Muhafazakârlık anlayışında farklılık

Salı, çarşamba ve perşembe günleri Başbakan'dan beklediği düzeltme açıklaması gelmeyen Arınç, cuma günü Avrupa Konseyi Medya ve Bilgi Toplumundan Sorumlu Bakanlar toplantısına katılmak üzere gittiği Belgrad'da kendisine bağlı TRT'nin TRT Türk ekranına çıktı ve "Başbakan'a sesleniyorum, aramızdaki çelişkinin sorumlusu ben değilim, bu çelişkiyi izah etsin" dedi. Ancak Arınç'ın sözleri bu çelişkinin giderilmesinden ibaret değildi. 

Arınç, "kiracı ile ev sahibi anlaşmışsa kendilerinin karışamayacağını, özel hayatlara müdahale edemeyeceklerini" belirterek Başbakan'ın muhafazakârlık anlayışının menziliyle arasına kalın bir duvar çekiyordu. Aynı konuşmada Arınç, "Başbakan'ın geleceğe yönelik vaatlerde bulunabileceğini, ancak bu konuların Bakanlar Kurulu'nda konuşulmadığını" vurgulayarak Erdoğan'a yöneltilen "tek adam" üslubuna kendi merceğinden eleştirel bir gönderme yapıyordu.
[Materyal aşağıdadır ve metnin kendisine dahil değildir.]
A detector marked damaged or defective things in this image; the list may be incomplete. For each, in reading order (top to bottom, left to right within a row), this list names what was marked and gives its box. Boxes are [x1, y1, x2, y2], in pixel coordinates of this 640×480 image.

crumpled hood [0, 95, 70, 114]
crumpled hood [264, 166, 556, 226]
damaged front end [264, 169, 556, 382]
Nihayet Arınç Erdoğan'dan "Başbakan'ı 24 saat takip ederim ben. Onun da böyle bir görevi olmalı, Hükümet Sözcüsü'nü açmaza düşürmemeli. Benim yıpranmamam, hiçe sayılmamam lazım. Birilerinin kum torbası haline getirilmek istemem" sözleriyle izahat istedi. Ve "Ben sadece bir bakan değilim" diyerek, kişiliğinin özerk karakterini vurgulamanın yanı sıra AKP'yi kuran çekirdek kadro içindeki özgül ağırlığını Başbakan'a hatırlatma ihtiyacı hissetti.
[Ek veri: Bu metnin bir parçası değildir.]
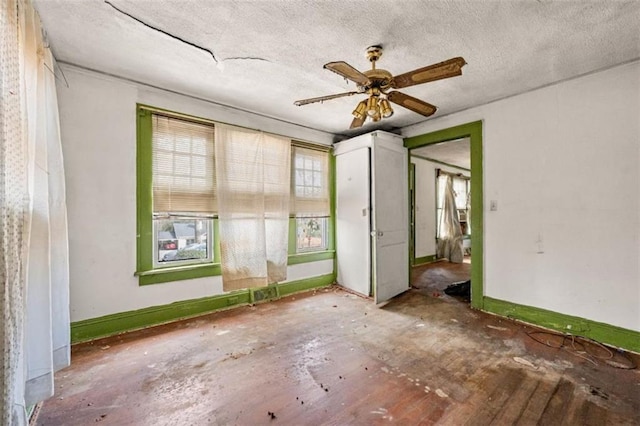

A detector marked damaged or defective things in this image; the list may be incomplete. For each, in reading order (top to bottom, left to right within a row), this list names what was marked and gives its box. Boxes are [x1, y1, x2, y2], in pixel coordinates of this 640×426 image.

damaged wood floor [38, 282, 636, 424]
Velhasıl, "Bundan sonra kimse bana güvenip siyasete yön vermesin" ifadesini de kullanan Arınç, Başbakan'a hem üslup, hem de içerikte, üstelik TRT ekranından önemli eleştiriler yöneltti.

 

Erdoğan'ın kısa açıklamasındaki iki vurgu

Başbakan, Arınç'ın bu çıkışı yaptığı cuma günü Polonya'dan Türkiye'ye dönerken kendisine eşlik eden gazetecilerin soruları üzerine, "Arınç'la görüşmediğini, medya aracılığıyla konuşmayacağını" belirtti, Bakanlar Kurulu ve AKP kurullarını kastederek "Başbakan ve Genel Başkan benim. Gereğini, gerektiği yerde yaparım" demekle yetindi.
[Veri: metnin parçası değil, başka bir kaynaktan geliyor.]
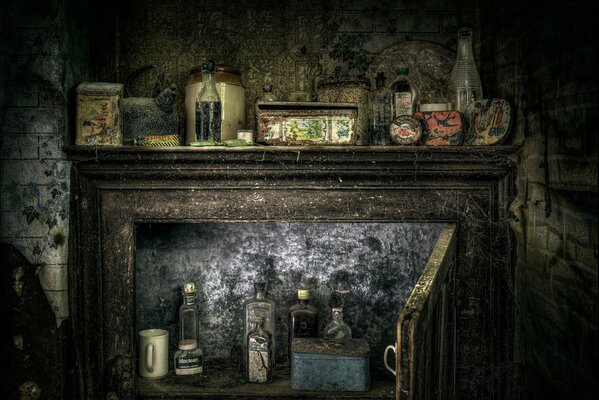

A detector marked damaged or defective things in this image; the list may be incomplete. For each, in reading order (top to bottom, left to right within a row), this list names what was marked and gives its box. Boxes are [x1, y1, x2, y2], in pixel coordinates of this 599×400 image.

rusty tin can [290, 338, 370, 390]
"Yetindi" diyorum, ancak Başbakan'ın bu kısa açıklaması üç önemli vurgu taşıyordu. Erdoğan, Arınç'la temas kurmadığını söylüyor, "medya üzerinden konuşmayacağını" belirterek aksini yapan Arınç'a dokunduruyor ve nihayet "Başbakan, Genel Başkan benim" vurgusu yapma ihtiyacı hissediyordu.İşin ilginç tarafı, Arınç da, Başbakan'ın kamuoyu karşısında yaptığı açıklamalarla kendisini zor durumda bıraktığını söylüyordu.

Bu açıklamaları izleyen hafta sonunda, Arınç ve Erdoğan 10 Kasım törenlerinde bir araya geldiler. Arınç'ın (ve Erdoğan'ın) gergin ifadesi, "gördünüz mü barıştılar, sorun yok, tek karede hallettiler" ifadeleriyle görev icra eden "gayretkeş gazeteciler" dışında kimsenin dikkatinden kaçmadı.

 

Arınç'ın gruba katılmamasının anlamı

Bülent Arınç'ın her hafta olduğu gibi Hükümet Sözcüsü olarak açıklama yaptığı Bakanlar Kurulu da bu hafta pazartesi günü toplanmayınca gözler bugün yapılacak AKP TBMM Grubu toplantısına çevrildi. AKP grubu ilk kez Erdoğan'ın gruptaki konuşmasından önce haber oldu, zira Arınç grup toplantısına katılmamıştı.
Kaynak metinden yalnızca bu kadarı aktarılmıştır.